Emerging Band Provides Soundtrack for New NERF VORTEX Collection
The VORTEX lineup officially hits shelves on 9.10.11 and features four new blasters, including the 20-disc, clip fed, fully automatic VORTEX NITRON blaster. All VORTEX blasters shoot discs infused with XLR technology, offering some of the longest blaster ranges in NERF history! To enhance the debut of this unique NERF lineup and complete the VORTEX launch, the brand called on There For Tomorrow’s inspirational and energetic sound to support its commercials and be the latest NERF band. The song ‘A Little Faster’ from their first full length album, A Little Faster, is heard on the NERF VORTEX teaser commercial currently airing across the country and seen on YouTube.com/Nerf and will be featured in the new VORTEX commercial airing on 9.10.11. The Orlando band recently played at the 2011 Vans Warped Tour and their music will be used in the NERF brand’s TV campaign throughout 2012.
The adventure is over in NYC. Having the vortex blasters in-hand definitely solidified my feelings about them. Don’t be afraid of change, people! The range and capabilities of these blasters just might surprise you. Worth a try? For sure. Expect my final take on these when I manage to get them myself.
In the meantime-
Praxis is my fave.
Nitron is good.
Vigilon is a higher range maverick.
Proton is a surprisingly good sidearm. There are little touches in the design that really make it feel cool even though it is a pistol.
Swag bag is swag
Ok, so I’ve managed to put a few discs through the Vigilon and now for some quick thoughts:
– Range/ammo flight path: Surprising! Like anything of this medium (foam) the accuracy dips the higher distance they travel. I had a bit of a breeze behind me and you the discs kind of glide up and down with the wind current. If you throw frisbees ever you know what I’m talking about. The discs never floated to the ground from what I could tell, though. They would slice left or right to the ground. Interesting though, I can only really comment once I get them to a stock game.
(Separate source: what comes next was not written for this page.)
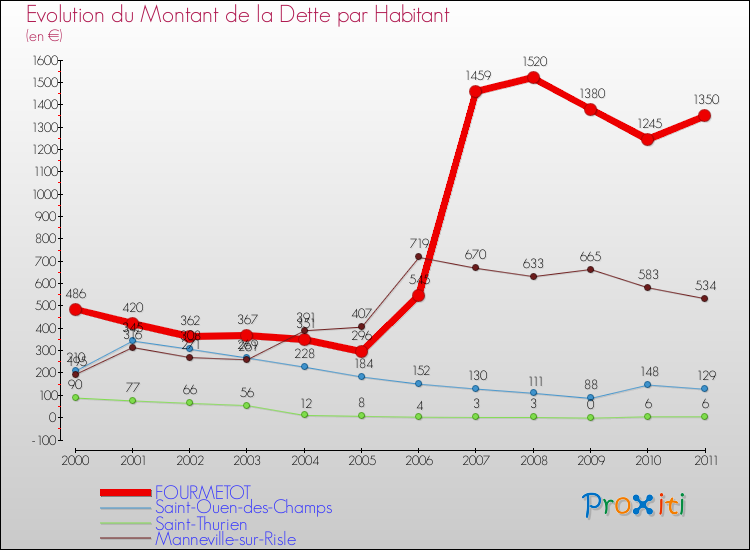 Evolution de la dette par habitant pour la commune de FOURMETOT et les communes proches Comparaison de la dette par habitant pour FOURMETOT et les communes voisines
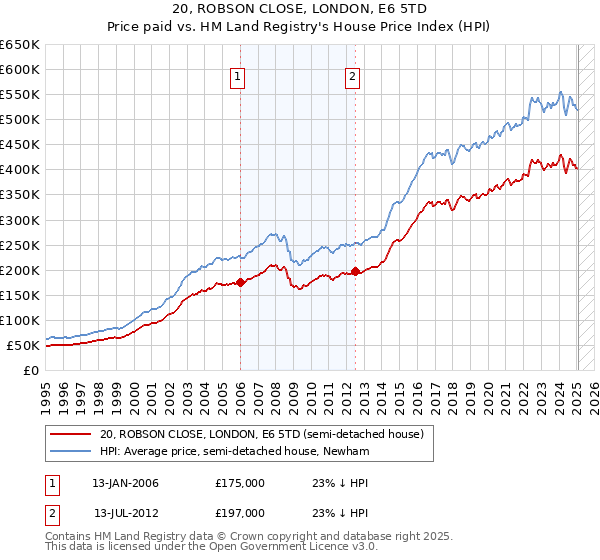 20, ROBSON CLOSE, LONDON, E6 5TD: Price paid vs HM Land Registry's House Price Index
I imagine aiming’ll be interesting using this.
– The blaster: The Vigilon is pretty comfy. I’d liken the size of it to a Recon, but it’s a bit wider obviously for the discs. The internal magazine opens up at the touch of a switch (positioned on both sides of the blaster)by the grip; so it’s easy to reach with the thumb. I wouldn’t expect to holster this… but there is a loop for a carabiner or something at the bottom of the handle. Tac-rail on top, and a wide muzzle for the disc makes for an almost cartoony-sized blaster but it pulls it off. Should a disc jam in the muzzle, there’s a release switch on the right. Didn’t have a jammed disc yet so haven’t had to use it yet.
No need to worry about the disc falling out if you face it downward after priming; the disc stayed put while running around after it was ready to fire.
The Vigilon is a little short on capacty (5 shots at a time) but the reload mechanism is pretty slick. It’s handy to just have to grab five discs, stack them, and put them in the internal clip at one time than reload each individual chamber or one after the other (as with the Specter, Maverick, or Speedload-6).
Price is $15.99 and considering the alternatives out there is not too much considering the range you’re also getting. While I’m hesitant about the discs, I’ll definitely be able to say more as I have more time with it. Worth a look for a midrange blaster to try out this new ammo type, for sure. It’s easy to carry and doesn’t require extra clips to carry around (like the nitron and praxis) so if you like to pack only a blaster and ammo, this’ll be the choice for you.
Test firing the Nerf Vortex Vigilon LXR disc shooter! Right off, it looks like it’ll work for lefties and righties (except that the door only opens on the left side of the blaster). I’ll have a more in-depth look and better firing test soon. It comes with 5 discs, user guide, and the blaster.
Interesting note, you can prime and run the Vigilon without the disc falling out.